Уже тогда, как заметил Джордж Клаубер, Энди, кажется, верил, что в соприкосновении со знаменитостями есть какая-то магия:
Больше, чем кто-либо из моих знакомых, Энди жаждал встретить знаменитостей. У него страсть была к успешным и известным людям. Когда он впервые приехал в Нью-Йорк, почему-то думал, что я со многими знаком. И постоянно умолял меня представить его кому-нибудь знаменитому.
«Любой, чье имя было на слуху, являлся знаменитостью, – добавляла Марджери Беддоус. – Слышал имя знаменитого стоматолога и уже готов был бежать».
К этому моменту Энди воплотил одну из своих задумок, ставшую серией впечатляющих рисунков на разворот в технике отпечатка, иллюстрирующих пьесы Жироду и Уильяма Инге и статью о Лорке в журнале Theater Arts. Они схватывали двойственную сексуальную природу персонажей в изысканной воздушной манере. Как-то один художник-иллюстратор увлеченно наблюдал за тем, как работает над иллюстрациями Энди: «Он скреплял два листа бумаги вместе изолентой, образуя дверцу, потом рисовал на этой дверце коротенькую линию и промакивал ее о рабочую поверхность, поднимал, рисовал еще и вновь промакивал». Пусть процесс был совсем не простым и требовал для осуществления определенной ловкости и вкуса, он проходил достаточно быстро, чтобы позволить Уорхолу выполнять свои рекламные заказы за одну ночь, придавая им индивидуальности.

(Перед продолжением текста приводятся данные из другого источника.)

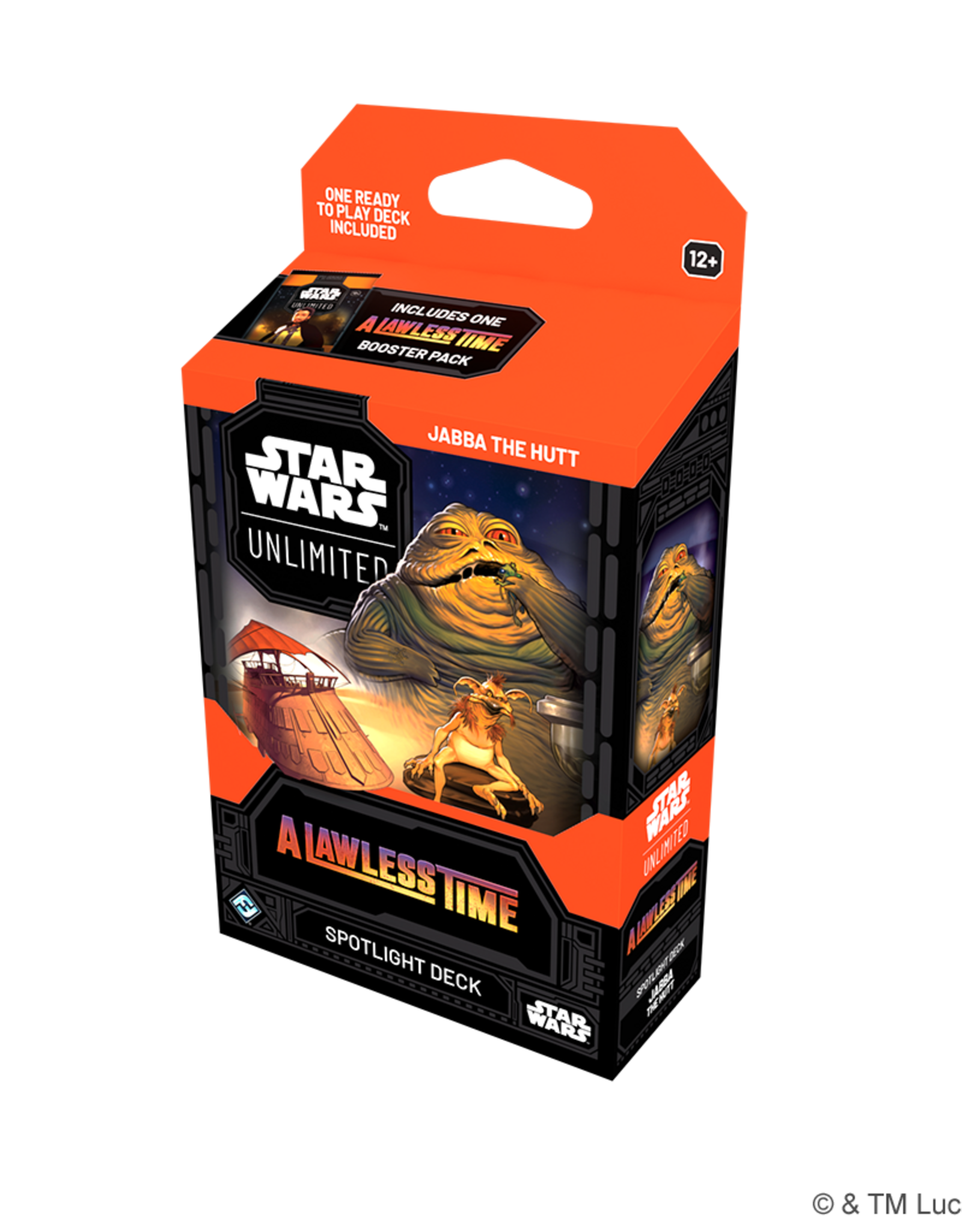 Star Wars Unlimited A Lawless Time: Jabba the Hutt Spotlight Deck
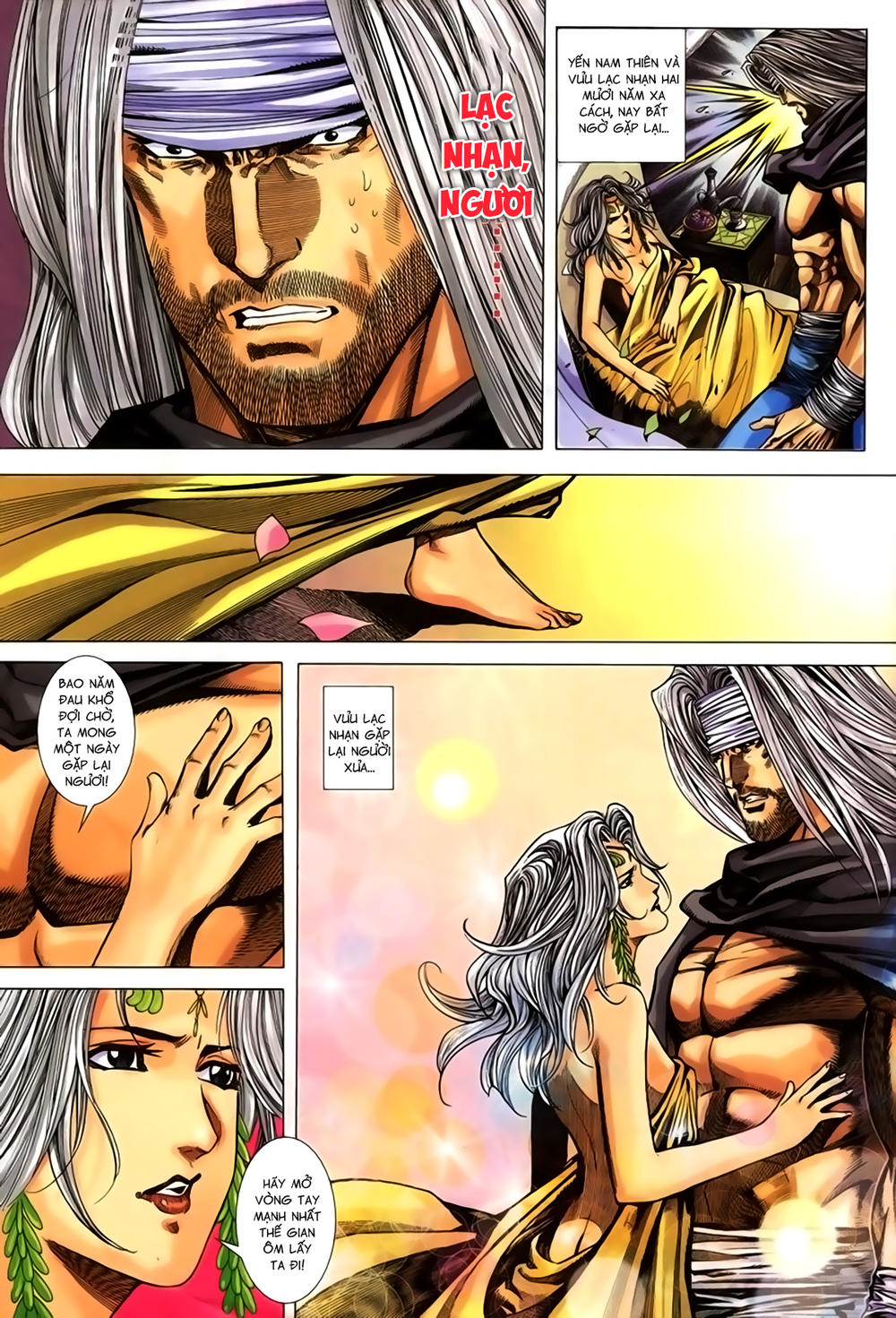 Song Hùng Kỳ Hiệp Chapter 236 - 3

Клаубер, который, по представлению Энди, трудился в светском рекламно-оформительском кругу и у которого тот постоянно выпрашивал приглашения и контакты, видел в нем «этакого нытика, жалующегося, мол, раз я таким занимаюсь, можно и ему прийти? А мне особо нечем было ему помочь, на самом деле моя помощь ему не требовалась. Он уже был в деле и весьма самостоятельным. Считал почему-то, что я вел куда более экзотичную жизнь, чем это было на самом деле. Иногда я мог взять его с собой в номера в Восточном Хэмптоне на выходные. Как-то приехал ко мне в гости с Элиасами в Кейп. У него была проблемная кожа, так что на солнце не мог находиться, иначе сильно обгорал в момент. Смотрелся эксцентрично в этих штанах хаки и белой рубашке под огромным черным зонтом над головой, рассекая по дюнам. Зрелище было еще то. Но он был самим собой и нисколько не смущался этого».
Энди очень много времени проводил за работой, оттачивая свои навыки и экспериментируя с новыми выразительными средствами. Тина Фредерикс настояла, чтобы он пошел к офтальмологу за специальными очками. Зрение у него было не очень и от напряжения только ослабевало. Новые очки были с очень толстыми линзами и делали его еще большим фриком, чем обычно, но он прилежно носил их.